Dru Johnson, “Methodological and Sociological Barriers to the Philosophical Study of Hebrew Bible”
In this brief paper, I will sketch out the variety of approaches employed in the last decades in attempting to describe the Tanakh’s philosophical approach. Special attention will be given to methods investigating ways of knowing in a text or corpus of the Hebrew Bible. First, an initial methodological problem is broached by the Hebrew-Greek mind debates of the last century, where scholars argued that access to the mentality of biblical authors was most likely off-limits to us. That view has largely been overlooked after James Barr’s devastating critique of its faulty linguistic assumptions. Second, even if one agrees that we have a shared mentality with the biblical authors, the Tanakh is not a philosophical treatise in the ways to which the West has become accustomed. By what criteria can we utilize rhetorical and literary analysis to understand the philosophy offered or presumed in the Hebrew Bible? Even more problematic: Is there a consonant view of knowledge maintained by different biblical authors? Or, as Michael Carasik suggests, are there multiple theories of knowledge at work across these variegated texts? Socially, the academic realm has often been critical of attempts to understand Scripture philosophically. Philosophers typically do not understand narrative and poetry as forms of argument or speculative reasoning. Biblical scholars have also resisted the notion of continuity in thinking across the canon, even if they can see stripes of philosophical engagement in segments of the Tanakh. The challenges to studying the Hebrew Bible philosophically loom largely. In Ryan O’Dowd’s paper, we hope to show a few successful examples of such research and why they avoid some of the objections posed above.
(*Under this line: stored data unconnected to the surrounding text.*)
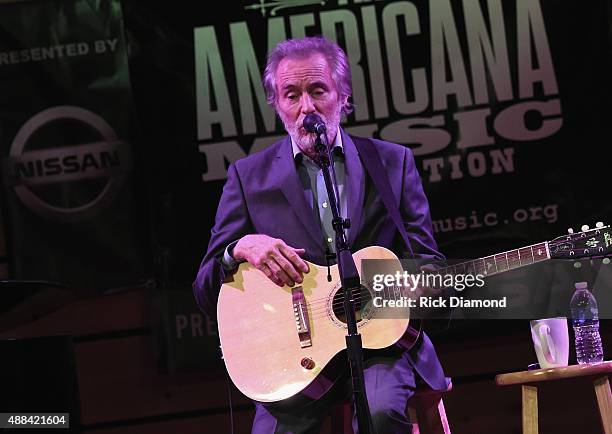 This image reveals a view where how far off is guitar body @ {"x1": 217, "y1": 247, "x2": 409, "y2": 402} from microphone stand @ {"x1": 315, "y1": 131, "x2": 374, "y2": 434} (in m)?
0.40

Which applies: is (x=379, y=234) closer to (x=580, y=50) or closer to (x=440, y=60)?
(x=440, y=60)

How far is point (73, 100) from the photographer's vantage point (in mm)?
4871

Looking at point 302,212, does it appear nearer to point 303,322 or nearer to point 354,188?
point 354,188

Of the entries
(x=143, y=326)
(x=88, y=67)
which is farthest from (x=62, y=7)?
(x=143, y=326)

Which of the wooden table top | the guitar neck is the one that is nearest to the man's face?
the guitar neck

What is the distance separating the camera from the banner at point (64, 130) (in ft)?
15.9

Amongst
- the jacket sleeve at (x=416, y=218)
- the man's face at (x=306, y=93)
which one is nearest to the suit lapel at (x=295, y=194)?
the man's face at (x=306, y=93)

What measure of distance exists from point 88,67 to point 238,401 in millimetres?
1908

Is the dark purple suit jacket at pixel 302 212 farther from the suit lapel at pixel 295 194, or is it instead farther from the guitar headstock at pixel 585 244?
the guitar headstock at pixel 585 244

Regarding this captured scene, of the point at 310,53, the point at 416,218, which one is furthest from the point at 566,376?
the point at 310,53

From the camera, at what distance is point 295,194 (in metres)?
3.72

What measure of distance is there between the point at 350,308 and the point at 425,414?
0.85 m

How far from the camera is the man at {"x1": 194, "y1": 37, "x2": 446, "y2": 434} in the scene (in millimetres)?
3502

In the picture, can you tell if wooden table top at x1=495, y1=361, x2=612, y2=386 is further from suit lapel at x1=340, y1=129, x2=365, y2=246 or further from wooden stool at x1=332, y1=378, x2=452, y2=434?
suit lapel at x1=340, y1=129, x2=365, y2=246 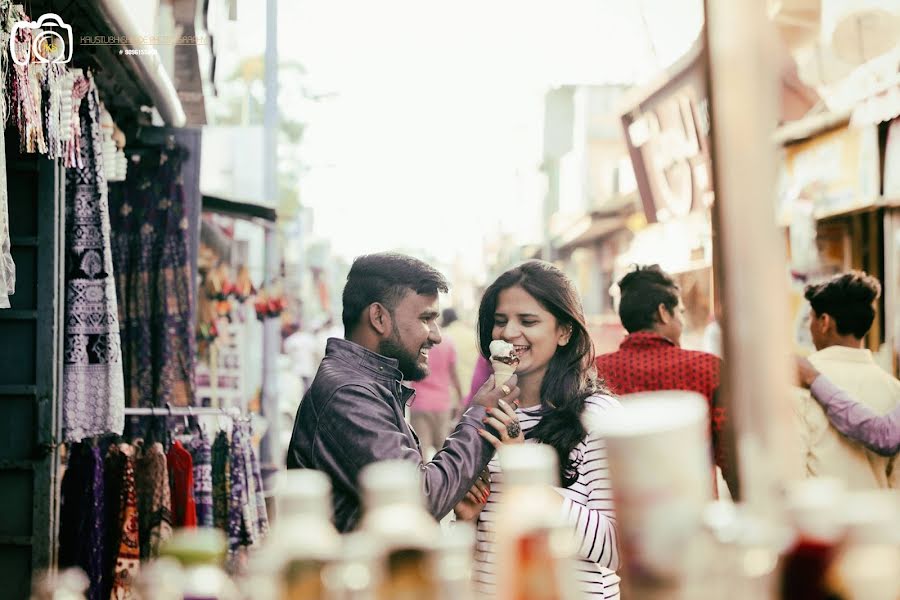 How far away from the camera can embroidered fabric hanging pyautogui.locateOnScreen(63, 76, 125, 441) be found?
164 inches

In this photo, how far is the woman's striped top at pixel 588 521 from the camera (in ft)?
9.22

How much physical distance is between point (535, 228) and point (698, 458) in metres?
36.2

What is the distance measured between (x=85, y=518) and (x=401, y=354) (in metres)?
1.86

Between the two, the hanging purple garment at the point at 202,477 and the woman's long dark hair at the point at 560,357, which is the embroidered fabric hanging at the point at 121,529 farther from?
the woman's long dark hair at the point at 560,357

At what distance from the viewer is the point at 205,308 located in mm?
8914

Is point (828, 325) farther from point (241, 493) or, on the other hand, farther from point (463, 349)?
point (463, 349)

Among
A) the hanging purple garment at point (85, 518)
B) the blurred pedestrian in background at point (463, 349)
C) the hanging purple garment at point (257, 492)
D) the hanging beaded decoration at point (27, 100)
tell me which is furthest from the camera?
the blurred pedestrian in background at point (463, 349)

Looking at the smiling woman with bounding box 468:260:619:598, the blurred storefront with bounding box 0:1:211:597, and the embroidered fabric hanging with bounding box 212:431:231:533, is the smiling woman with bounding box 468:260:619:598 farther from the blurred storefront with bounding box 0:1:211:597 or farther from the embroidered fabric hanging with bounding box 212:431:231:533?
the embroidered fabric hanging with bounding box 212:431:231:533

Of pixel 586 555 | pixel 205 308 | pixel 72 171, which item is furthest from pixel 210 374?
pixel 586 555

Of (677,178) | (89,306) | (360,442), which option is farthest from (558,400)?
(677,178)

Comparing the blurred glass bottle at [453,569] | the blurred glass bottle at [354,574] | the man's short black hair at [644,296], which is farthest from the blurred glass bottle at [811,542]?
the man's short black hair at [644,296]

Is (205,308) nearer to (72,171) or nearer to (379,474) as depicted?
(72,171)

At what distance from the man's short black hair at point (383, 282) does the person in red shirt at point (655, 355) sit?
5.83 feet

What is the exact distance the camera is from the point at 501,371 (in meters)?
3.19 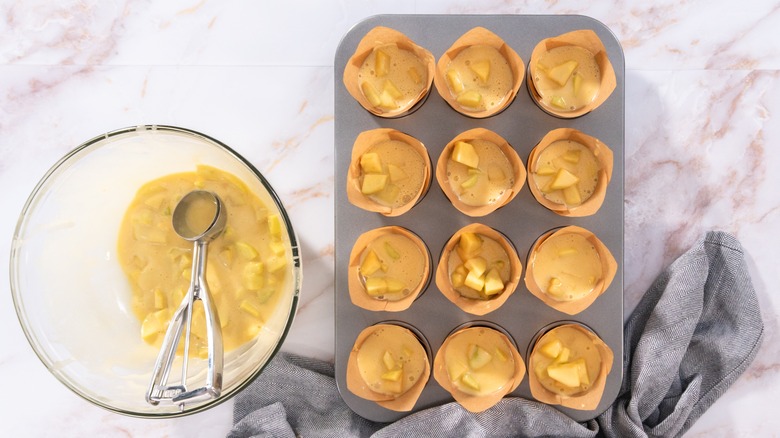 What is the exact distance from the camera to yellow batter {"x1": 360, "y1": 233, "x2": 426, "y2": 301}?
3.48ft

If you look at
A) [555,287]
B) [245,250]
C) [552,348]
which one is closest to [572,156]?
[555,287]

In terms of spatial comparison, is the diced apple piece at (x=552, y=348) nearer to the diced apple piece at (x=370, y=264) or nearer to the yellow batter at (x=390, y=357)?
the yellow batter at (x=390, y=357)

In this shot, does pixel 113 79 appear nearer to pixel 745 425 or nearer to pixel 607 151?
pixel 607 151

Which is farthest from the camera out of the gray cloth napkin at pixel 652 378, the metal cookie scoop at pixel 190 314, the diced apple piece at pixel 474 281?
the gray cloth napkin at pixel 652 378

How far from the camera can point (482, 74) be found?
1059 mm

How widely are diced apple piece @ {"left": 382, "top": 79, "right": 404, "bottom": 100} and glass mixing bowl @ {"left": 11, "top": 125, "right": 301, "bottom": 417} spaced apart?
31cm

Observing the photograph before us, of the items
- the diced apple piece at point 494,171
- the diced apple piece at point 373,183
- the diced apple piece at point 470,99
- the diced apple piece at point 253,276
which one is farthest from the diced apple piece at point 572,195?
the diced apple piece at point 253,276

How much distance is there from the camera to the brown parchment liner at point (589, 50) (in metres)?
1.03

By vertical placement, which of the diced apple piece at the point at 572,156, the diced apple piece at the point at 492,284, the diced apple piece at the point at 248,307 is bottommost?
the diced apple piece at the point at 248,307

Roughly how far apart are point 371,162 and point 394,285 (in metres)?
0.22

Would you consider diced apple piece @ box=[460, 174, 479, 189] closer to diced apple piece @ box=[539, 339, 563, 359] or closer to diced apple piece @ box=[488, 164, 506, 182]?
diced apple piece @ box=[488, 164, 506, 182]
Ryan O’Dowd, “Examples of Success: New Research in Hebrew Bible and Philosophy”
Other members of this panel will respond to commonly held objections to reading the Hebrew Bible from a philosophical perspective. This paper seeks to outline the broad range of research that has emerged in this interdisciplinary area in recent decades. The studies reviewed in turn reveal gaps and questions that call for yet further analysis. The main body of the paper examines two very different projects. The first, a Genesis commentary by Leon Kass of the University of Chicago, approaches philosophy not as “some specialized academic subject matter…practiced by card-carrying professional philosophers,” but as “the love and pursuit of wisdom.” Such wisdom “seek[s] to discover the truth about the world and our place in it.” On the other hand, Eleonore Stump of Saint Louis University—a “card-carrying” analytic philosopher— draws creatively on analytical and continental philosophy as complementary perspectives for exploring suffering and desire in the lives of four biblical characters: Job, Samson, Abraham, and Mary of Bethany. Professors Kass and Stump exemplify marks of success and provide relative endpoints on a vast new horizon of biblical research.